If you see a shorter version of a protein, don’t be too quick to dismiss it as a nonfunctional degradation product. It might be a shiny, new proteoform, an alternative version of a larger protein. The proteoform might even be more stable than the full-length protein. Although proteoforms may arise naturally as cells respond to changing conditions, they may also occur accidentally when scientists try, and fail, to completely suppress the expression of a particular gene.
To distinguish between protein detritus and actual proteoforms, it helps to be aware of alternative translation start codons—as is a team of researchers at Vlaams Instituut voor Biotechnologie (VIB), a research institute located in Flanders, Belgium.
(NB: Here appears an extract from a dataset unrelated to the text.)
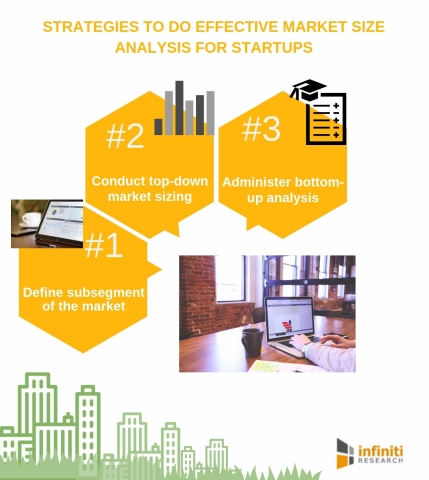 Strategies to do effective market size analysis for startups. (Graphic: Business Wire)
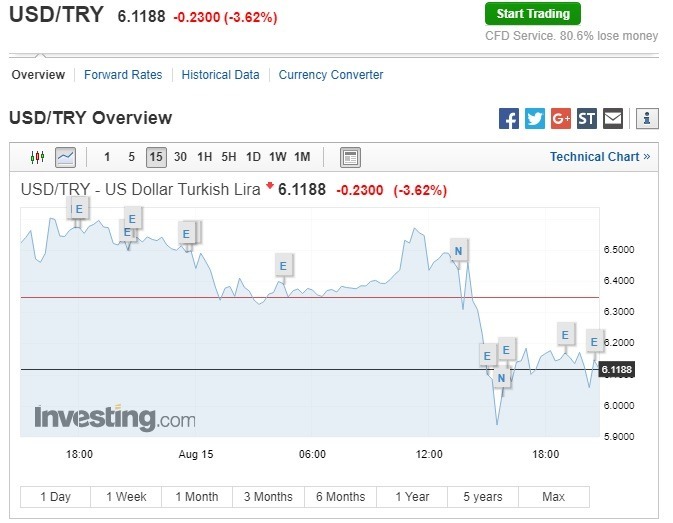 美元兌里拉跌逾 3.6%。(圖:翻攝自Investing.com)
These researchers, and others, have made use of mass spectrometry and ribosome profiling techniques to find alternative translation start codons in up to 20% of the human protein-coding genes.
In their most recent work, the VIB scientists, led by Professor Petra Van Damme, performed a proteome-wide study on protein turnover using positional proteomics and ribosome profiling to distinguish between N-terminal proteoforms of individual genes. They also assessed the relative stabilities of full-length proteins and their truncated proteoforms. To do so, they considered the effect on protein turnover of removing the initiator methionine by methionine aminopeptidases.
The results of this work were reported February 18 in the journal Molecular Systems Biology, in an article entitled, “Positional Proteomics Reveals Differences in N-Terminal Proteoform Stability.” Essentially, the work points to a role for alternative translation initiation and co-translational initiator methionine removal, next to alternative splicing, in the overall regulation of proteome homeostasis.
“By combining pulsed SILAC with N-terminal COFRADIC, we monitored the stability of 1,941 human N-terminal proteoforms, including 147 N-terminal proteoform pairs that originate from alternative translation initiation, alternative splicing or incomplete processing of the initiator methionine,” wrote the authors. “N-terminally truncated proteoforms were less abundant than canonical proteoforms and often displayed altered stabilities, likely attributed to individual protein characteristics, including intrinsic disorder, but independent of N-terminal amino acid identity or truncation length.”
The removal of the initiator methionine by methionine aminopeptidases, the authors added, generally reduces the stability of processed proteoforms. Also, the authors indicated that susceptibility for N-terminal acetylation did not seem to influence protein turnover rates.
Overall, the findings suggest that the diversity of human proteins may be fundamentally underestimated. The findings may also have important implications for gene editing. “To knock out a gene,” explained Daria Gawron, a study co-author and a Ph.D. student at VIB, “a point mutation in its DNA sequence can be very accurately introduced with modern gene-editing techniques. However, scientists should be aware that by doing so, they might actually induce the formation of a truncated, more stable version of the protein, provoking the exact opposite effect than desired.”
“In the past, researchers who observed shorter versions of certain proteins, quickly shelved them as nonfunctional byproducts of protein degradation,” concluded Professor Van Damme. “Our work shows that these protein variants are generally conserved. Not only are these proteoforms coded for in the genome, they are also tightly regulated and often display altered stability.”